1.3.Naar aanleiding van verzoekers aanvraag is verweerder een onderzoek gestart naar de juistheid van de door verzoeker verstrekte gegevens. De bevindingen van het onderzoek zijn neergelegd in de rapporten van 6 mei 2020 en 20 mei 2020. In het rapport is verwezen naar een telefoongesprek van 9 april 2020 tussen verweerder en de heer [naam] waarin de heer [naam] zou hebben verklaard dat verzoeker bij hem logeert, dat het klopt dat aan hem betalingen zijn gedaan, dat deze betalingen een tegemoetkoming zijn voor de kosten van levensonderhoud, dat zij samen eten, dat verzoeker geen huurcontract heeft en dat verzoeker nog wel even mag blijven. Uit dit telefoongesprek leidt verweerder af dat sprake is van een gezamenlijke huishouding. Verder is gebleken dat de opgave van verzoeker dat hij niets deelt met de heer [naam] niet strookt met de overgelegde bankafschriften, waarop overschrijvingen te zien zijn naar de rekening van de heer [naam] .
2. Verweerder heeft de aanvraag van verzoeker afgewezen, omdat hij de inlichtingenplicht heeft geschonden. Gebleken is dat verzoeker een gezamenlijke huishouding voert met de heer [naam] , bij wie hij in huis woont.

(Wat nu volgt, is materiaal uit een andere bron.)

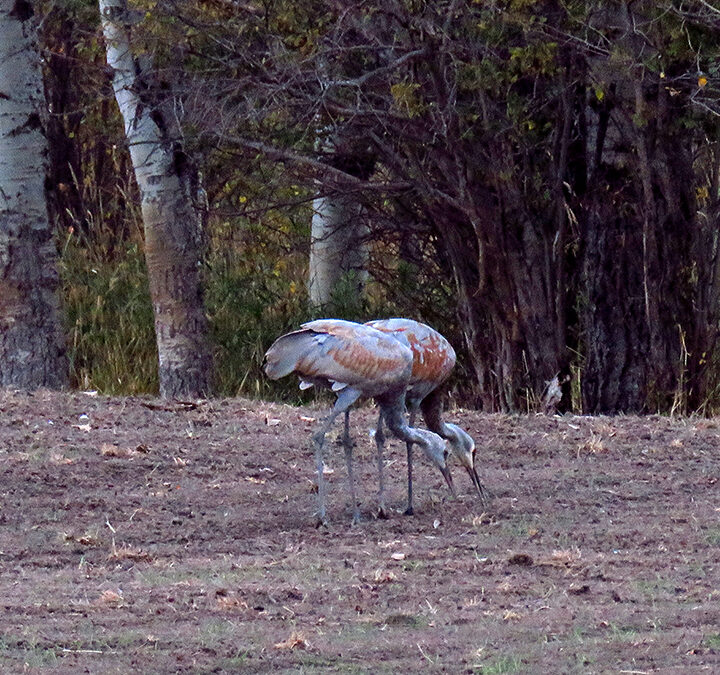 Sandhill cranes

3. Verzoeker voert aan dat hij een spoedeisend belang heeft omdat hij niet beschikt over middelen om in zijn bestaan te voorzien. Ten onrechte wordt hem verweten dat hij onvoldoende informatie heeft verstrekt over zijn gezamenlijke huishouding. Hij heeft immers uit eigen beweging alle bankafschriften en andere documenten verstrekt en hem is nooit gevraagd om andere gegevens te verstrekken. Verweerder heeft niet gemotiveerd waaruit blijkt dat sprake is van een gezamenlijke huishouding. Hij betwist dit dan ook. Aan het telefoongesprek van 9 april 2020 tussen verweerder en de heer [naam] kan niet de waarde worden gehecht die verweerder er aan geeft. Dit omdat de telefoonnotitie niet op ambtseed is opgemaakt en ook niet eerder is opgenomen in een rapport dat op ambtseed is opgemaakt. Evenmin is duidelijk geworden welke vragen precies zijn gesteld tijdens het telefoongesprek. Hij verwijst naar een uitspraak van de Centrale Raad van beroep (CRvB) van 8 januari 2013.Er is verder nooit met verzoeker gesproken over een mogelijke gezamenlijke huishouding en er is ook geen huisbezoek afgelegd. Het is hem niet duidelijk waaruit het onderzoek heeft bestaan. Bovendien is de omstandigheid dat verzoeker wel eens samen eet met de heer [naam] te duiden als een sociale activiteit en niet als een element van zorg. Hij verwijst naar uitspraken van de Centrale Raad van 8 maart 2016en 9 juli 2019.Ter onderbouwing van zijn standpunten heeft verzoeker nog een verklaring van de heer [naam] van 20 mei 2020 en afschriften van zijn creditcardrekening overgelegd.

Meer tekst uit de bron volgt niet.